This weekend's music festival opened Thursday with a West Texas
Walk of Fame induction and the premiere performance of ''Buddy:
The Buddy Holly Story'' at the Cactus Theater.
However, Friday's luncheon found Mayor Windy Sitton announcing that
the ribbon-cutting and grand opening for the Buddy Holly Center,
which also will serve as a new home for the Lubbock Fine Arts Center,
will take place ''one year from today'' in the building most recently
operated as The Depot Restaurant at 18th Street and Avenue G.

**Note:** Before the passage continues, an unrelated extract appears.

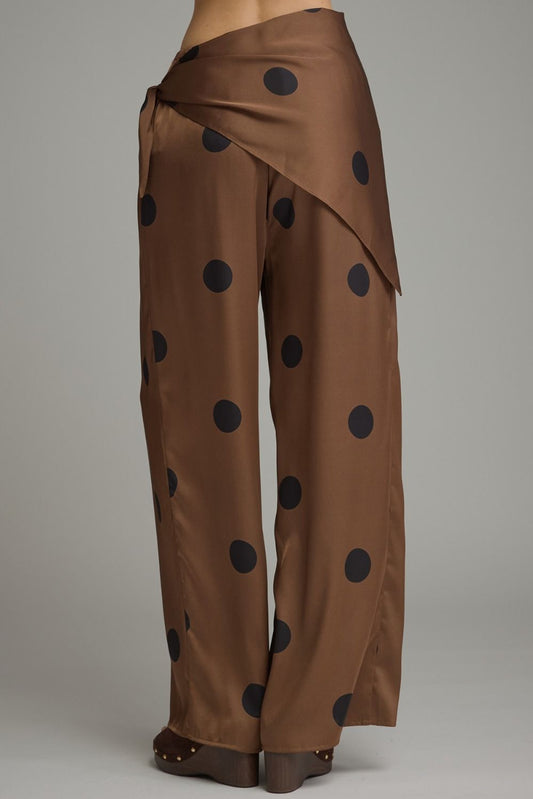 Feminine polka dot wide leg pants featuring a stylish self-tie wrap waist, comfortable elastic back, and convenient side pockets.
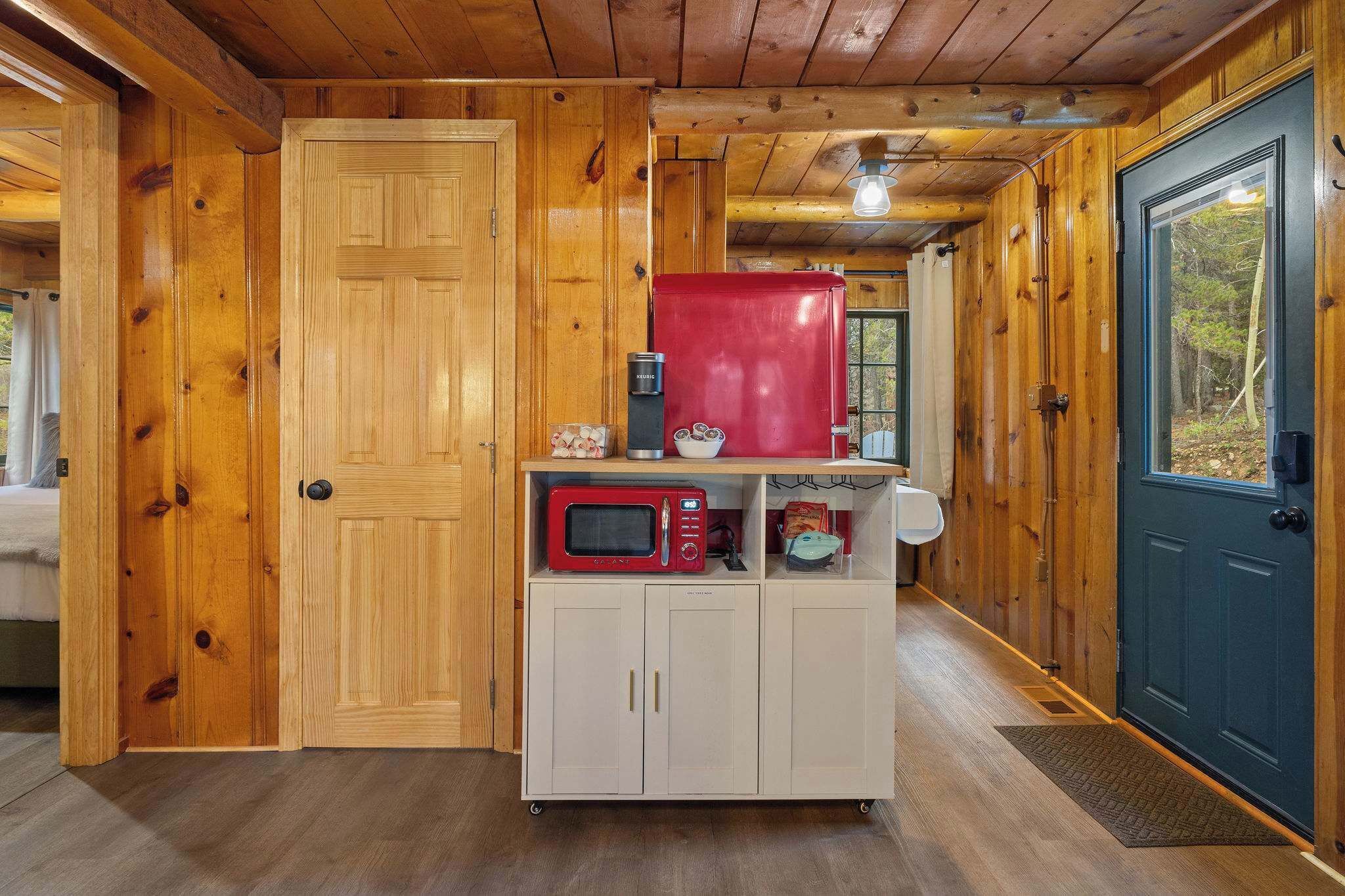 Cocina pequeña con paredes de madera y una puerta azul, que incluye un microondas y un refrigerador compacto.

Sept. 4, 1999, is a Saturday.
''We are so fortunate to have (Buddy Holly as) a native son,'' said
Sitton, ''and it's about time we caught on out here. I support marketing
this great city any way I can, and I don't know any better way than
to use the Buddy Holly legacy.''
Accepting the spotlight at the Lubbock Memorial Civic Center's Banquet
Hall at 12:15 p.m. Friday, Sitton expressed admiration for native
Lubbock singer-songwriters Jimmie Dale Gilmore and Butch Hancock,
both of whom were inducted Thursday in the Walk of Fame surrounding
the Holly statue.
Sitton said, ''Realizing that they are known around the world made
me think. Why in the world can't Lubbock, Texas, be the musical
capital of Texas? Yes, we have to dream big. But I'm for doing that.
... I don't think I ever realized the musical heritage of Lubbock,
Texas, until I moved here.''
She feels that the opening of the Buddy Holly Center will help focus
statewide, national and international attention on Lubbock.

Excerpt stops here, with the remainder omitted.